Lentamente, este núcleo demonstra suas contradições. A mãe já foi violenta, abusiva, controladora. Recusa-se a usar o véu, mas adoraria ver as filhas usando. Recusava as investidas sexuais do primeiro marido, porém insiste que suas meninas sejam submissas aos eventuais parceiros. As filhas seguem um caminho semelhante: já usaram o hijab, depois abandonaram as vestimentas. Recusam a condição de “servas de Deus”, embora reproduzam, sem perceber, uma série de ditames rígidos da moral islâmica. A garota mais nova chora ao presenciar a representação do padrasto abusador. No entanto, emociona-se por não sentir raiva deste homem que, após a violência física do pai biológico, ainda soava como um referencial aceitável de figura paterna.

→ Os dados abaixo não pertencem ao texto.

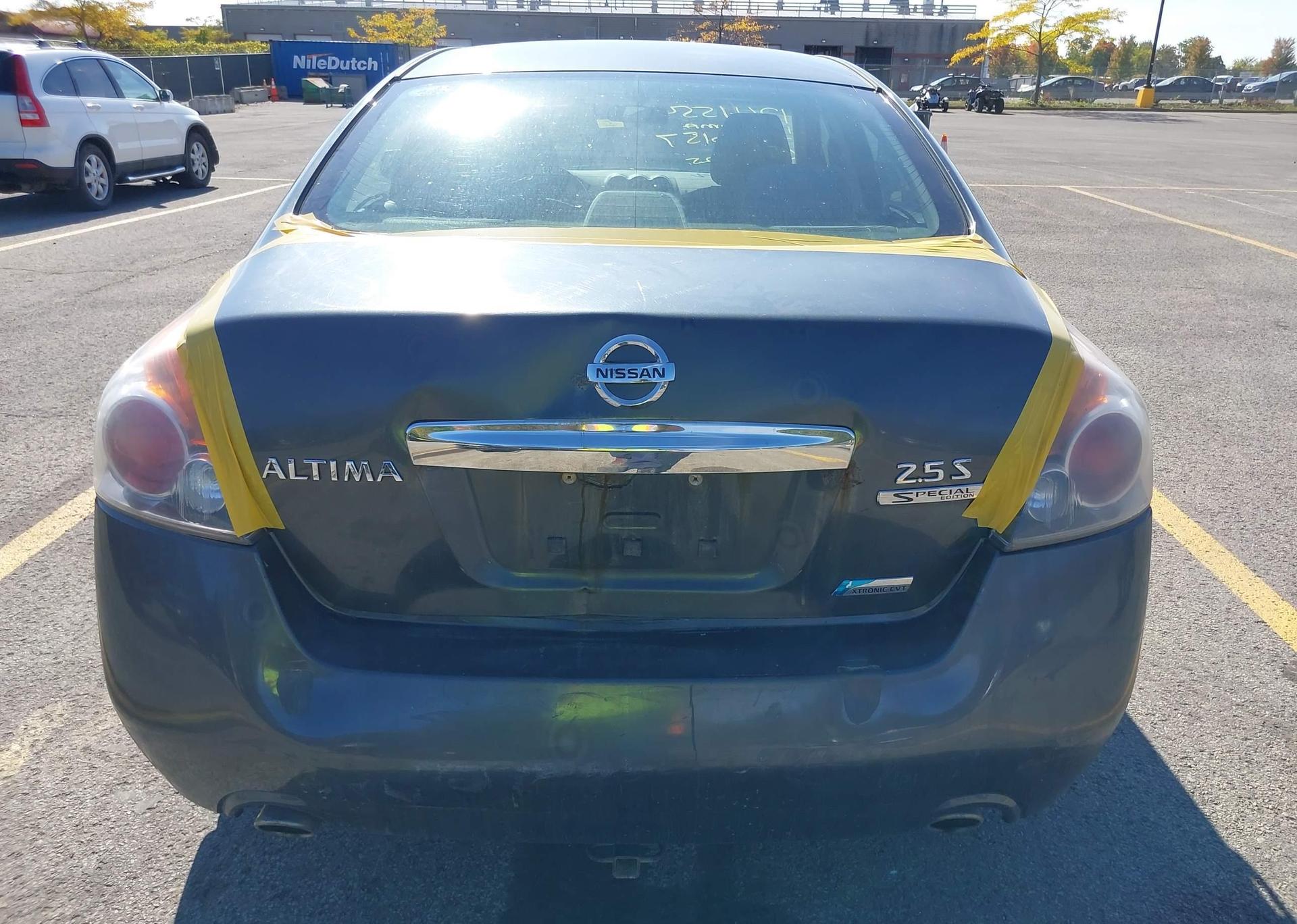 2011 NISSAN ALTIMA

Enquanto as simulações ocorrem, a câmera se volta àqueles que observam, ao invés dos intérpretes profissionais. A rememoração de tapas e gritos é acompanhada de um olhar atento à expressão de Olfa, Eya e Tayssir, ora aos prantos, ora surpresas e mesmo satisfeitas. Um risco deste procedimento seria fazer com que as mulheres revivessem o trauma, e se sentissem mal novamente — caso em que falaríamos na exploração artística da miséria alheia. No entanto, Hania toma a precaução de deixar que elas conduzam a narrativa e as interações, até onde se sintam confortáveis. Em geral, as três vão muito mais longe do que a equipe imaginava fazê-lo.
As 4 Filhas de Olfa segue por rumos inesperados. Parte do distanciamento das filhas mais velhas para analisar a condição feminina na Tunísia, os abusos domésticos, a revolução extremista no país, o terrorismo, a exposição midiática de traumas pessoais. A cineasta corria um risco considerável ao anunciar apenas nos 30 minutos finais o que realmente ocorreu com Ghofrane e Rahma. Os rumos das duas poderiam se converter em suspense, em algo empolgante para que o espectador se divertisse através de um jogo de adivinhações, como ocorre em tantos thrillers fictícios convencionais.
Ora, o filme deixa claro o seu interesse no próprio dispositivo, além das confissões ou anedotas das garotas junto à mãe, tornando o destino das filhas mais velhas secundário (ainda que importante). Prefere estudar o terrorismo pela perspectiva das familiares que permaneceram ao invés de justificar a psicologia das irmãs fugidias. Entre episódios de violência e abandono, sugere discretamente os motivos que conduziram à radicalização de Ghofrane e Rahma. No entanto, prefere que eventuais menções ao caso partam das familiares, quando desejarem fazê-lo.
O resultado combina a dramaticidade e a leveza, incorporando o desconforto, em paralelo a muitos risos e gestos de sororidade com as atrizes. Hind Sabri questiona o conservadorismo de Olfa; as filhas brincam com as piadas violentas da mãe (“Quero ver seu sangue derramado pela calçada”), as atrizes interagem com as garotas como se fizessem parte de um único núcleo — afetivo, pelo menos.
O filme cresce cada vez que permite ao grupo apenas conversar, se provocar, arrumar os cabelos ou cantar juntas. Torna-se mais forte quando abraça a possibilidade de interação e carinho entre mulheres, dando-lhes a raríssima oportunidade de narrar o terrorismo e a opressão por sua perspectiva. Nas frestas onde ficção e documentário se fundem, sendo impossível (ou dispensável) dissociá-los, o longa-metragem oferece a empatia enquanto resposta à estética do choque.